▶ TASK DESCRIPTION
Find the line below with "Here are the" and the line with "Just a quick". Output exactly those lines and everything between them, leaving out the pictures.

▶ TASK MATERIAL
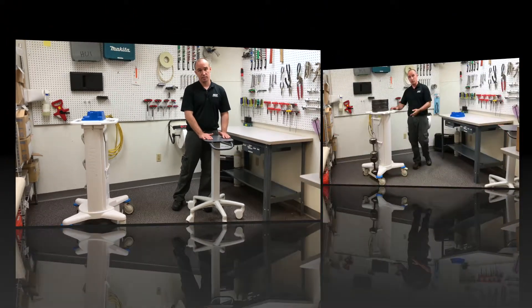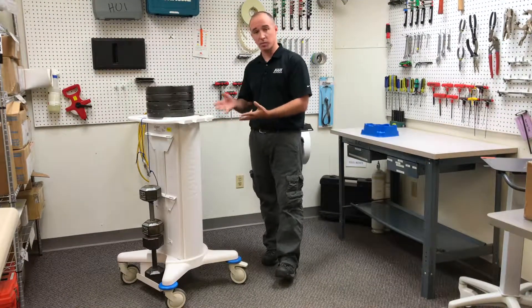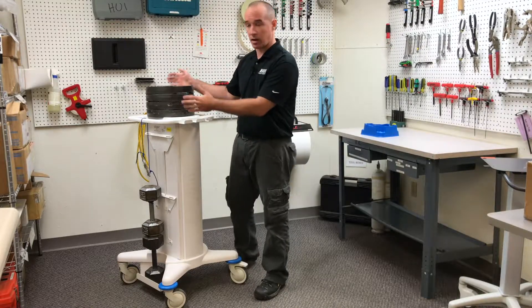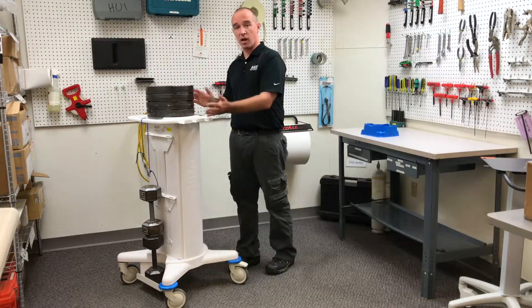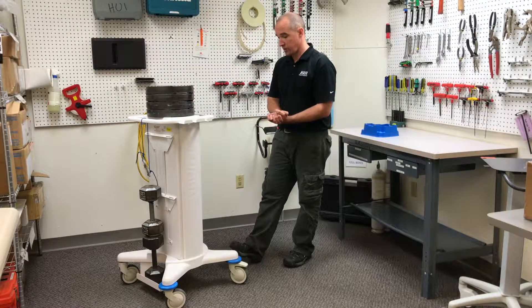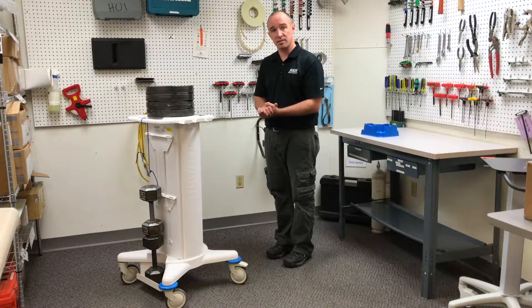So let's run the test. The materials required to fully load this cart weigh about 37 pounds, so multiplying by four, we get almost 150 pounds — 50 pounds on the back and 100 pounds on the top. We gradually apply the weight onto the cart. Once we have it there, we need to wait a minute and make sure there's no unacceptable risk, and if there isn't, the cart passes.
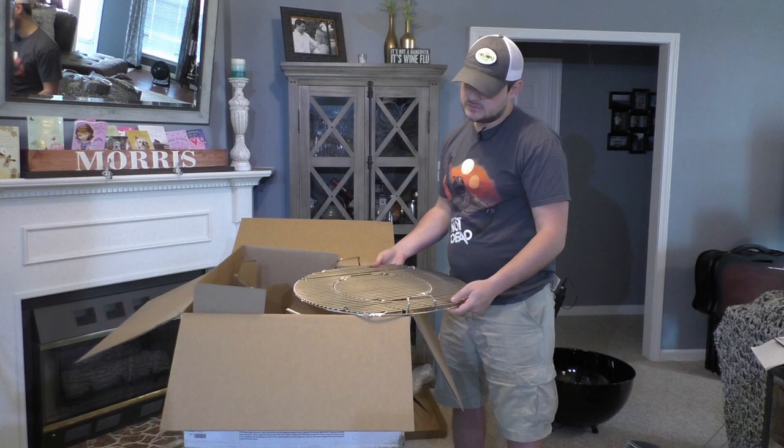Here are the cooking grates for the Master Touch. They're a little bit thicker in diameter than some of the competition — that's another reason I went with them, because they'll last forever and not bend like some of the cheaper ones will. This is pretty heavy and very hefty. Another thing with the Master Touch: this centerpiece comes out, or you can leave it in — these grooves lock it in there pretty well. The centerpiece comes out to allow you to put in different cooking surfaces, like a cast iron insert for searing.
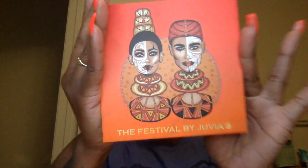Hey JBabies, this is the inspired look for today. If you want to know how I achieved this look and what palette I used to get these colors, then stick around. Hi JBabies, I've already lined my eyes kind of like a raccoon and I've done my eyebrows. We're going to be doing a look out of the Festival by Juvia's Place.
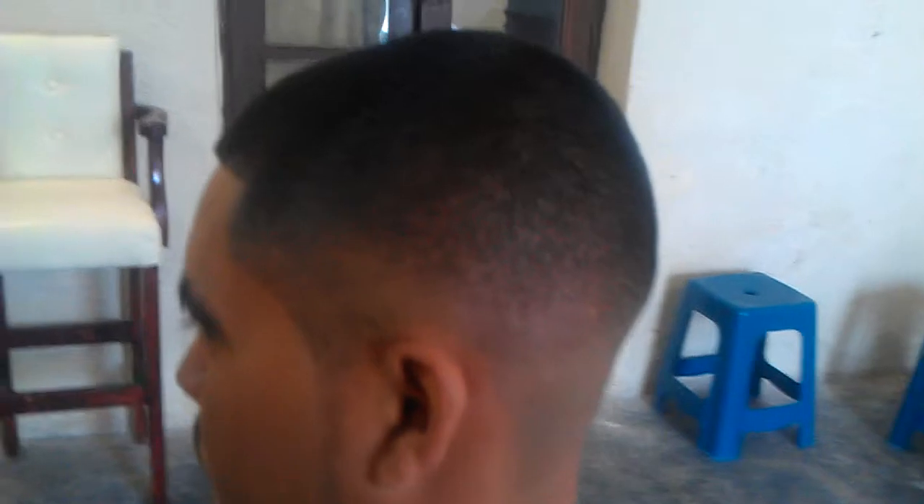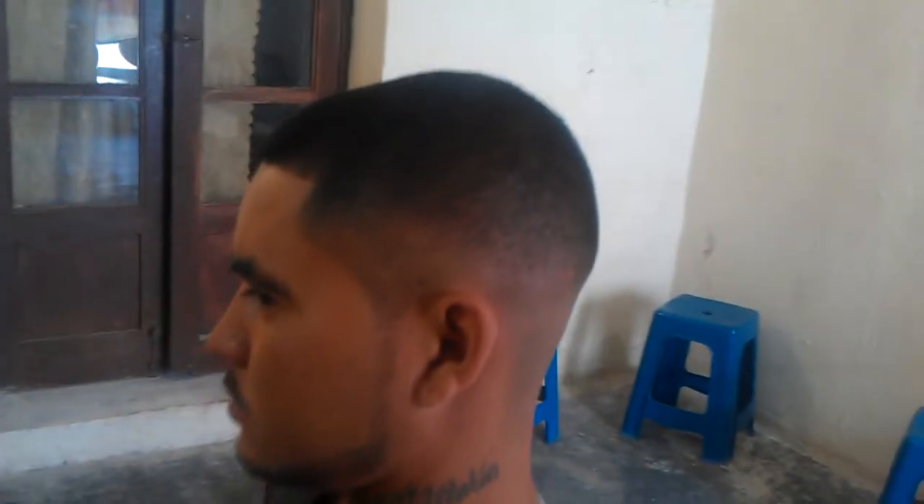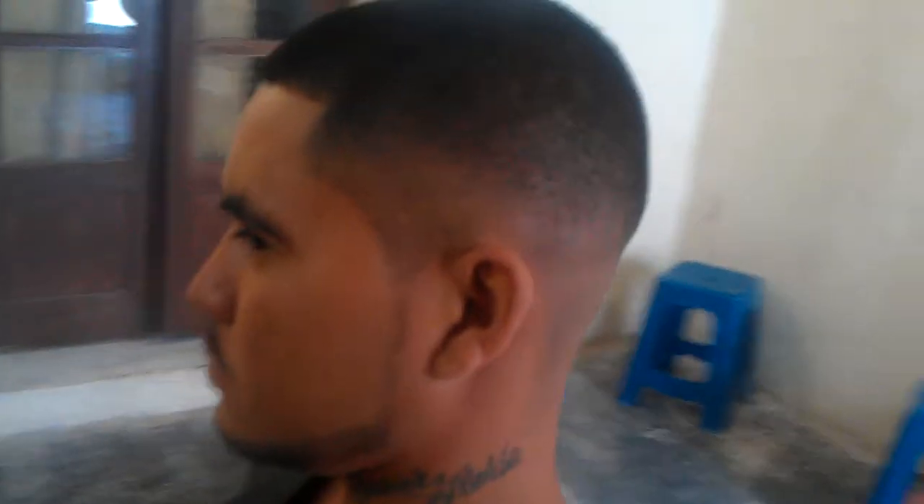Check the back. With the beard, nothing but the trimmer — I didn't use the clippers, just a pure trimmer.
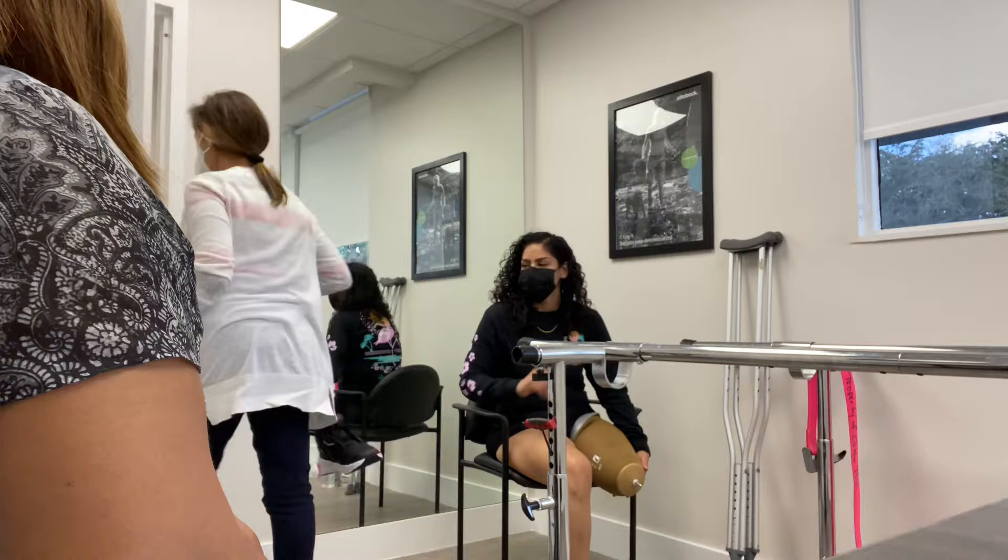Just a quick update — we are waiting for the prosthetist to come back. They have to make it shorter; it is a little tall. But so far we're going to use the pin locking system and the suction. I'll update you guys shortly.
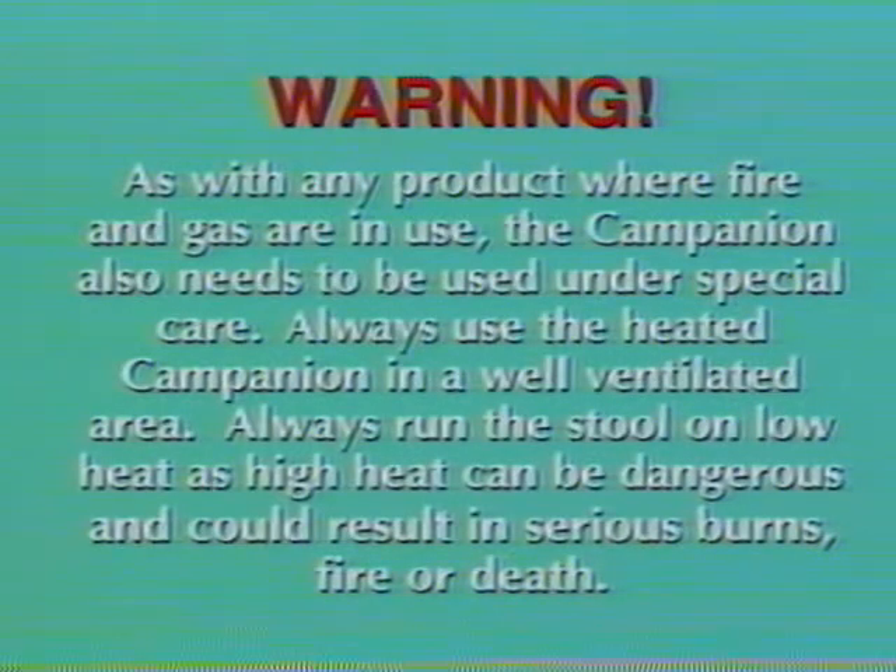As with any product where fire and gas are in use, the Campanion also needs to be used under special care. Always use the heated Campanion in a well ventilated area. Always run the stool on low heat, as high heat can be dangerous and could result in serious burns, fire or death.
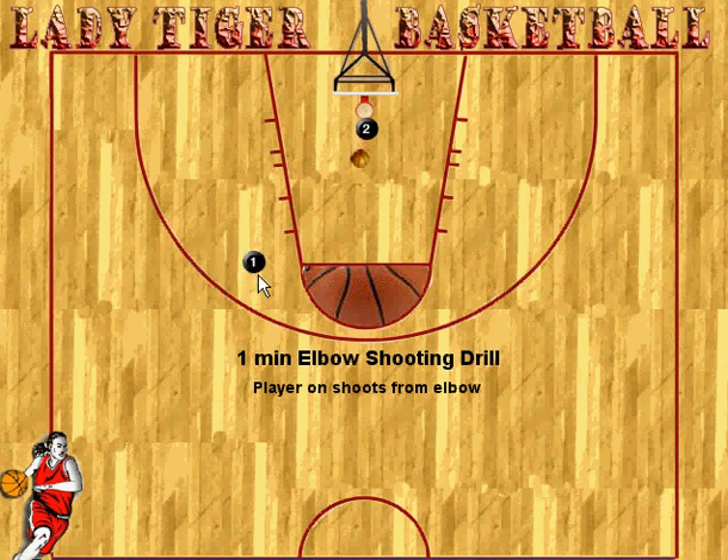Things we really stress here: the player catches with a target hand, gets their hands up, and calls for the ball. Really concentrate on footwork — inside lead foot or jump in the air and catch on two feet, whichever you like to teach. The biggest thing is to catch ready to shoot.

▶ EXERCISE ANSWER
Here are the cooking grates for the Master Touch. They're a little bit thicker in diameter than some of the competition — that's another reason I went with them, because they'll last forever and not bend like some of the cheaper ones will. This is pretty heavy and very hefty. Another thing with the Master Touch: this centerpiece comes out, or you can leave it in — these grooves lock it in there pretty well. The centerpiece comes out to allow you to put in different cooking surfaces, like a cast iron insert for searing.
Hey JBabies, this is the inspired look for today. If you want to know how I achieved this look and what palette I used to get these colors, then stick around. Hi JBabies, I've already lined my eyes kind of like a raccoon and I've done my eyebrows. We're going to be doing a look out of the Festival by Juvia's Place.
Check the back. With the beard, nothing but the trimmer — I didn't use the clippers, just a pure trimmer.
Just a quick update — we are waiting for the prosthetist to come back. They have to make it shorter; it is a little tall. But so far we're going to use the pin locking system and the suction. I'll update you guys shortly.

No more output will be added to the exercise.